Loan and deposit balances for banks were down in the first quarter, but net income – led by higher noninterest income – was up from the previous quarter, according to numbers released Wednesday by the federal bank deposit insurance agency.
According to the Federal Deposit Insurance Corp. (FDIC) loan balances were down “modestly” from the previous quarter at the nation’s 4,672 federally insured banks and savings institutions and total deposits were down for a fourth consecutive quarter.
Agency Board Chairman Martin Gruenberg, in a statement, acknowledged the rise in net income of $11.5 billion (16.9%), saying it “still remains high in relation to historical measures,” and noted that banks remain, overall, well capitalized. “However, the industry continues to face significant downside risks from the effects of inflation, rising market interest rates, slowing economic growth, and geopolitical uncertainty,” Gruenberg said.

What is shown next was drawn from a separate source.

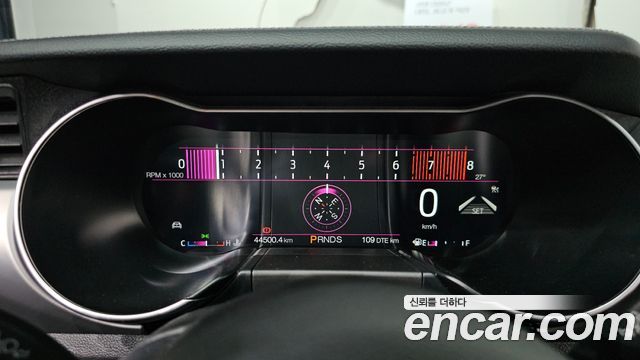 Ford Mustang 2023 — photo 10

On loans, the agency said total balances declined $14.6 billion (0.1%) from the previous quarter. “Loans transferred to the FDIC as receiver, combined with a seasonal decline in credit card loan balances (down $26.6 billion, or 2.6%) were the major contributors to the quarterly decline in total loan balances for the banking industry,” the agency reported. “Without the loans transferred out of the banking system to the FDIC, loan growth would have been 0.4% quarter over quarter.”
Compared to a year ago, the agency said, total loan and lease balances increased $855.2 billion (7.5%), driven by growth in one-to-four family residential mortgages (up $232.1 billion, or 10.2%), consumer loans (up $156.4 billion, or 8.3 percent), and commercial and industrial loans (up $138.7 billion, or 5.8%).